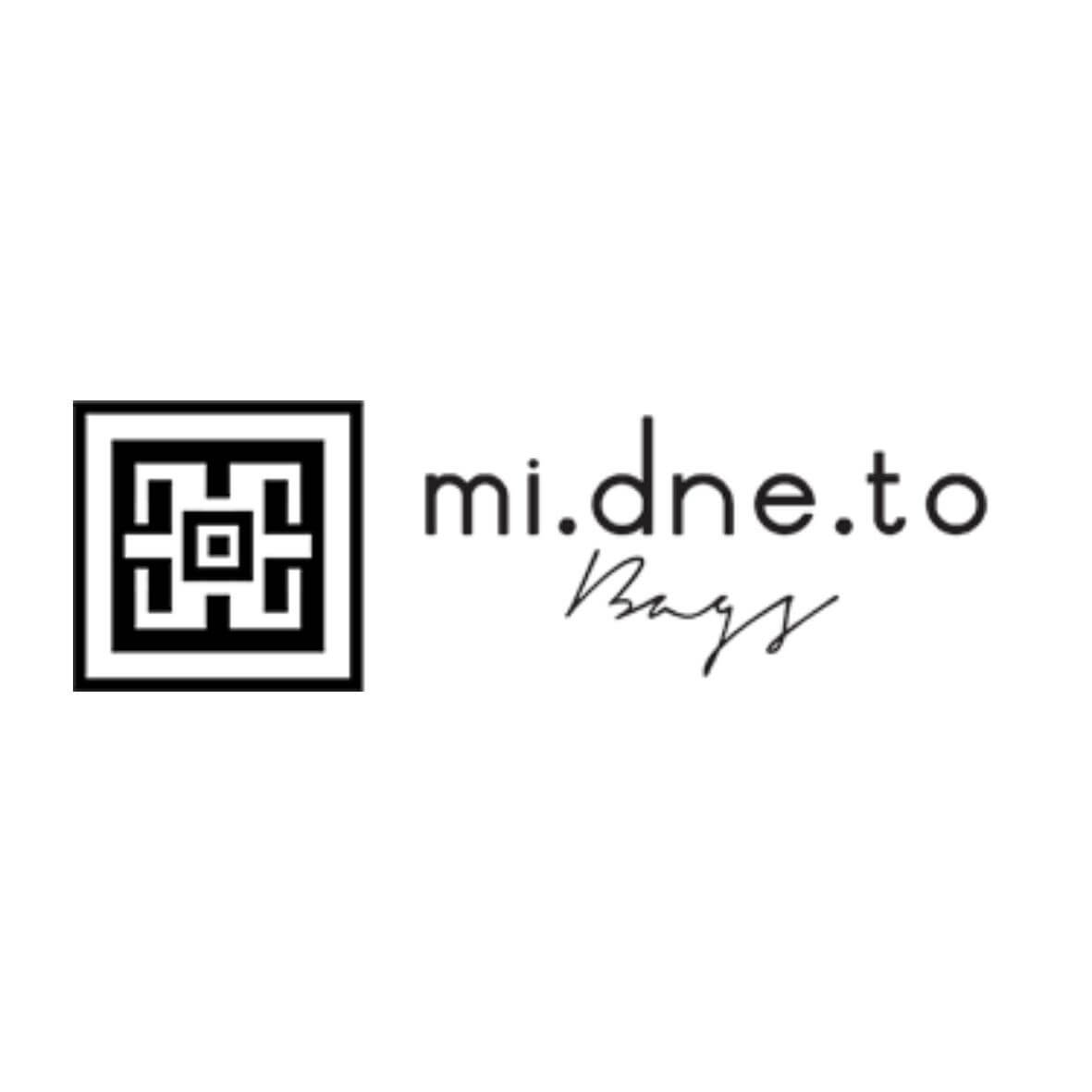MIDNETO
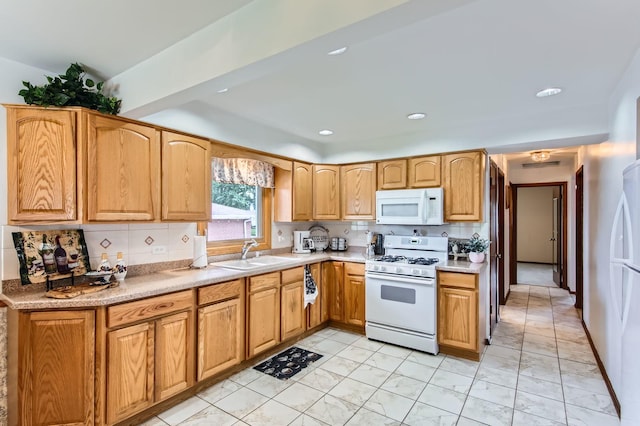 9000 Meade Ave, Oak Lawn, IL 60453 - photo 7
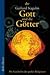 Gott und die Götter. Die Geschichte der großen Religionen by Gerhard Staguhn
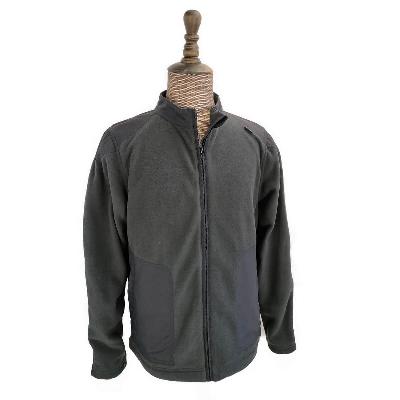 Corporate Uniform Jacket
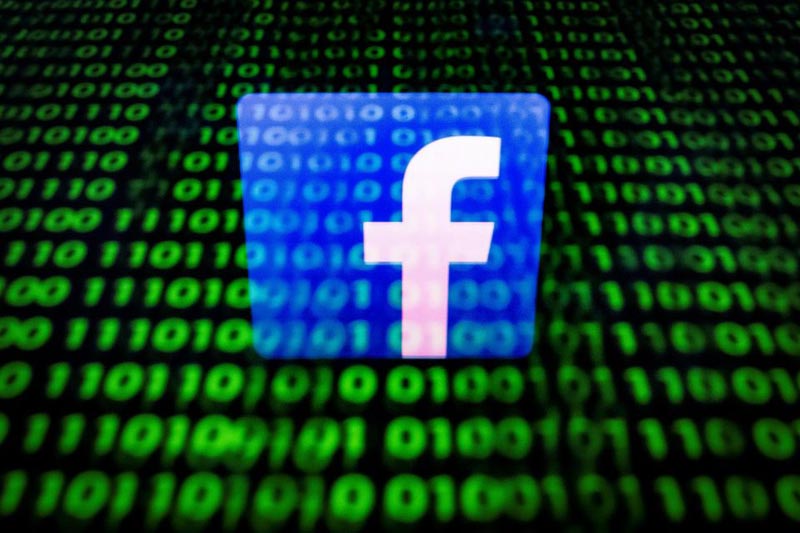 facebook-faille-securite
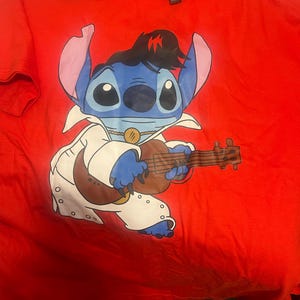 Lyndsey added a photo of their purchase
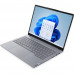 [Ноутбук] Lenovo Thinkbook 14 G8 IRL [21SGA002CD_PRO] (КЛАВ.РУС.ГРАВ.) Grey 14" {WUXGA IPS Core 7 250H/16Gb/1TB SSD/W11Pro}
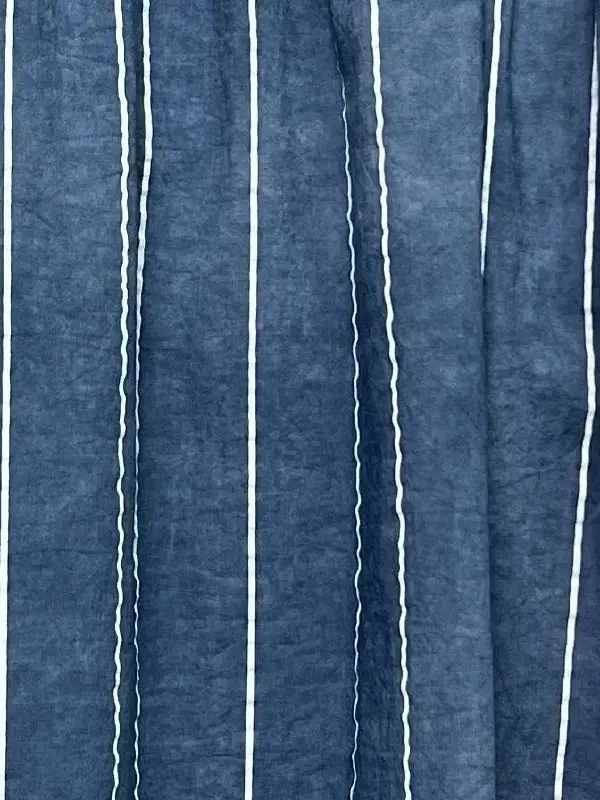 Рубашка Италия 6073 Размер 48-58 фото 34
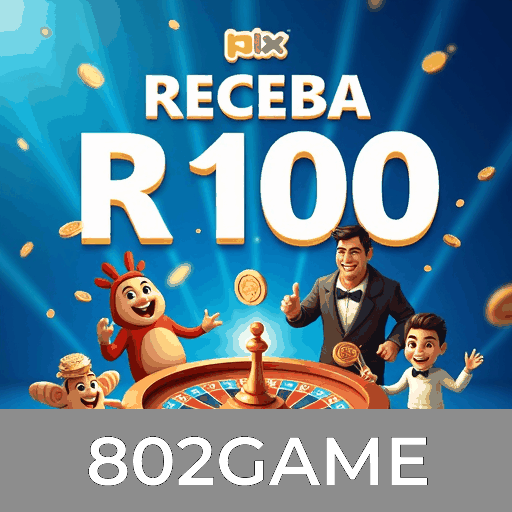 Métodos de Análise e Valor: Aumente 25% Retorno em 802GAME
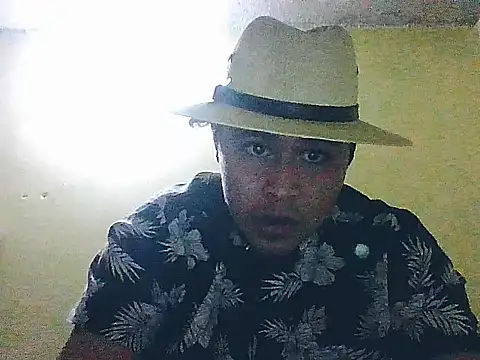 jorgexsuil2hh online show from 24, 11, 2025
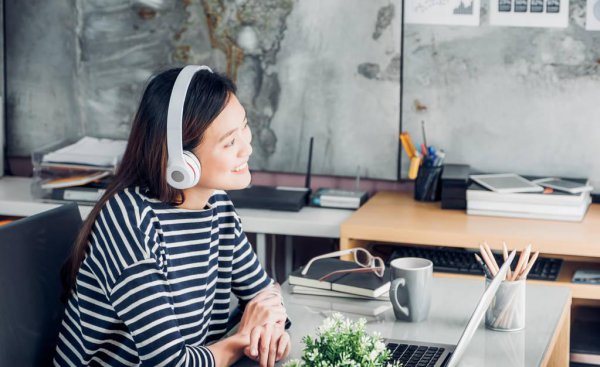 怎么感动一个男人的心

______________________________

#### [EXERCISE GOAL]
From the first line through the line with "Métodos de Análise", output those lines of the entries above exactly, and nothing else, with the pictures left out.

#### [ANSWER BOX]
MIDNETO
 9000 Meade Ave, Oak Lawn, IL 60453 - photo 7
 Gott und die Götter. Die Geschichte der großen Religionen by Gerhard Staguhn
 Corporate Uniform Jacket
 facebook-faille-securite
 Lyndsey added a photo of their purchase
 [Ноутбук] Lenovo Thinkbook 14 G8 IRL [21SGA002CD_PRO] (КЛАВ.РУС.ГРАВ.) Grey 14" {WUXGA IPS Core 7 250H/16Gb/1TB SSD/W11Pro}
 Рубашка Италия 6073 Размер 48-58 фото 34
 Métodos de Análise e Valor: Aumente 25% Retorno em 802GAME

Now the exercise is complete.